Del resto, sono molto difficili le indagini sulle varie attività illegali poste in essere dalle organizzazioni malavitose cinesi, formatesi qui in Italia o arrivate un po’ alla volta con le varie ondate migratorie. Si tratta, infatti, di una comunità (anche quella dedita ad attività del tutto lecite) molto chiusa e diffidente e poco permeabile alle attività investigative, fondata su gruppi locali strettamente coesi e sempre collegati ad altre realtà più importanti, magari site in altre regioni d’Italia, specie in Toscana e in Lombardia. Gli ostacoli alle indagini sono poi acuiti dalla lingua del tutto incomprensibile e dai fortissimi vincoli di solidarietà criminale che si creano all’interno dei vari aggregati familiari, laddove il fenomeno del pentitismo è rarissimo e gli immigrati clandestini spesso abbondano, per cui meno si racconta è meglio è.

La nostra Chinatown costiera fermana-maceratese si concentra nella zona di Porto Sant’Elpidio, non solo sul litorale ma anche nell’interno, e a Civitanova, soprattutto nei pressi del casello dell’A14. Qui i cinesi sono particolarmente presenti, arrivati alla spicciolata, inosservati, apparentemente tranquilli, cauti, silenziosi. Molto operosi e in molti casi impegnati in attività sicuramente legali, in queste zone quelli invece dediti alla contraffazione di modelli industriali e marchi operano soprattutto nel campo della pelletteria tramite piccole aziende artigianali, spesso nascoste e poco visibili. 

Sostanzialmente i gruppi malavitosi provenienti dalla Cina replicano il modello organizzativo della ‘ndrangheta (tanto che alcune sentenze ne hanno riconosciuto la mafiosità ai sensi dell’art. 416-bis codice penale), costituendosi su una base familiare allargata o plurifamiliare che si muove intorno a interessi comuni, quasi sempre però con dei referenti posti altrove ad un livello più alto, e riesce ad imporsi grazie alla condizione di assoggettamento e di omertà della comunità cinese, sottoposta costantemente ad un controllo capillare, esercitato anche con pestaggi e violenze quasi mai denunziati alle forze dell’ordine.
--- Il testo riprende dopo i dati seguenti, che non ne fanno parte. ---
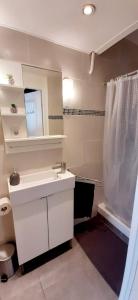 La salle de bains blanche est pourvue d'un lavabo et d'une douche. dans l'établissement Appartement avec terrasse, à Toulon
Investono nel settore commerciale del tessile e in esercizi commerciali che vendono prodotti cinesi e favoriscono l’importazione di prodotti contraffatti di ogni genere, anche con materiali nocivi alla salute (innumerevoli anche dalle nostre parti i sequestri di giocattoli operati dalla Guardia di Finanza, soprattutto nel periodo natalizio).

Il loro modo di procedere prevede di acquisire la proprietà di ditte già esistenti (anche a prezzi superiori al loro reale valore) o di costituirne altre in continuazione, spesso con intestazioni fittizie, per potenziare la loro economia “di giro” e per meglio eludere il fisco attraverso ripetute schermature dei movimenti finanziari reali. I malavitosi di etnia cinese, appoggiati a commercialisti italiani di notevole esperienza e abilità, preferiscono, per le loro operazioni, usare il contante (che di solito portano con loro, almeno i capi, in gran quantità, a mazzi di banconote), oppure, laddove si avvalgano di conti correnti “ufficiali”, far movimentare il denaro depositato, di solito in quantità molto ingente, velocemente verso la Cina, per lì avviare la procedura di ripulitura in vista del successivo rientro in Italia. Gli stessi conti correnti bancari vengono aperti e poi chiusi a gran velocità, sempre nell’intento di ostacolare il più possibile eventuali indagini. In tal modo anche una piccola ditta, magari aperta in qualche cantina o in qualche garage, riesce comunque a movimentare somme notevolissime di denaro.

Pochi i fatti di sangue, almeno stando alle denunzie, posti in essere nelle Marche da criminali cinesi, se si fa eccezione per un omicidio volontario, preceduto da sequestro di persona e da un tentativo di rapina, commesso nel luglio 2004 a Grottammare da un cittadino cinese allora 34enne ai danni di una giovane connazionale. Ma questo dato non è indicativo, perché i cinesi, anche le parti lese, quando vengono picchiate, intimidite, ferite da criminali con gli occhi a mandorla, preferiscono tacere perché hanno paura delle possibili ulteriori conseguenze.

Ma il problema della malavita cinese nelle Marche e in particolare nel maceratese rimane e sta continuamente crescendo di intensità soprattutto sul versante riciclaggio, grazie alla joint venture stipulata a tal fine con la ‘ndrangheta e con la camorra. Un’alleanza creata dalla comune esigenza di ripulire i capitali illeciti derivanti dal traffico di droga.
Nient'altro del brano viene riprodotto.